Initial Claims Rise Unexpectedly Last Week
Initial Claims Rise Unexpectedly Last Week.
Markets are up again, buying the dip that still exists from Monday’s trading activity. Currently, the Dow is +240 points, the S&P 500 +25 and the tech-heavy Nasdaq +82 points. Losses yesterday were basically cut in half from the -2% sell-off we saw at the start of the week. Dare we expect we finish the week in the green after such an awful start? In any case, that -5% pruning on the major indexes looks to have been evaded yet again in 2021.
Initial Jobless Claims came in notably higher than expectations: 351K was a big increase from the 320K expected, as well as the upwardly revised 335K reported for the previous week. This is the second-straight month of higher new jobless claims; we are back to levels not seen since mid-August. (The week of Labor Day — a shortened week — looks to have provided our cycle low at 312K.)
Continuing Claims also bounced northward, although this metric still looks down from last week’s report: 2.845 million is a tad lower than last week’s 2.85 million originally reported. The previous week’s downwardly revised 2.714 million is currently our post-Covid low (if we can yet call it “post-Covid”; the Delta variant continues to assert itself in certain regions of our labor force), but today’s estimate on longer-term jobless claims had been for a new low 2.65 million.
We won’t see our next monthly jobs reports until two weeks from now, even though a week from tomorrow is October 1st. Much rests on the Employment Situation in terms of the direction our economy faces, which in turn directly affects the stock market. But coming off a quite disappointing August employment figure and now with weekly jobless claims bouncing off lows, we’ll continue to keep a close eye on labor forcer developments.
After the market opens for regular session trading today, we’ll see September’s Markit PMI prints for both Manufacturing and Services. Manufacturing is expected to take a small step forward — 61.7 estimated versus 61.1 reported the previous month — while Services are anticipated at 54.9, down a half-point from August’s 55.1. In either case, a 50-level is the balance between growth and contraction, so we’re well above that level.

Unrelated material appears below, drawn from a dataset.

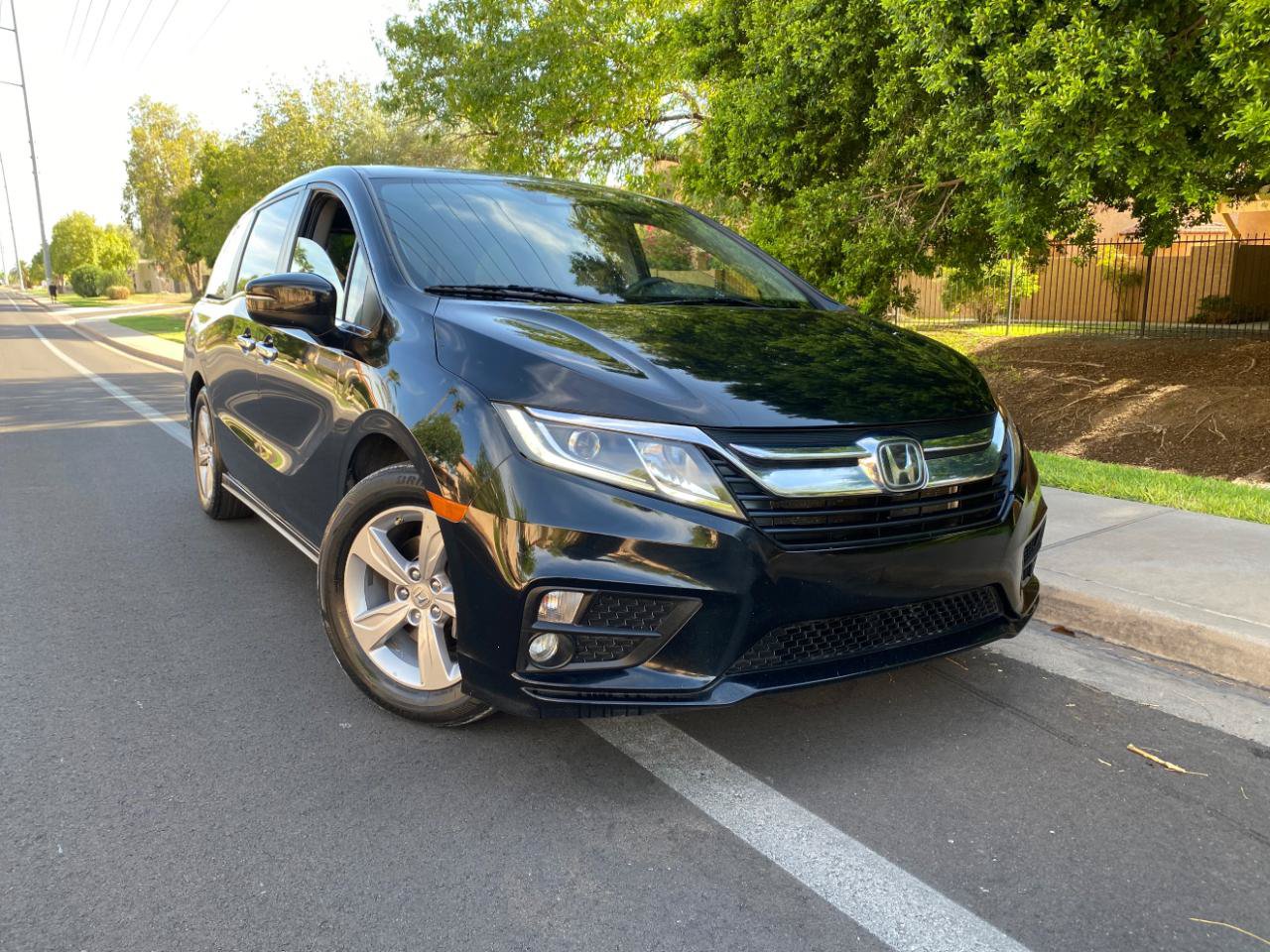 Used 2019 Honda Odyssey EX image 4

Pre-market indexes have slipped from where they were ahead of new jobless claims numbers, but are still comfortably positive a half-hour prior to the opening bell. The Dow has slipped to +225 points, the S&P +20 the Nasdaq +35. Perhaps these numbers will slide further and take another steps down after yesterday’s bargain shopping. But for now, even our “disappointing” report headlines are still pretty strong, historically speaking.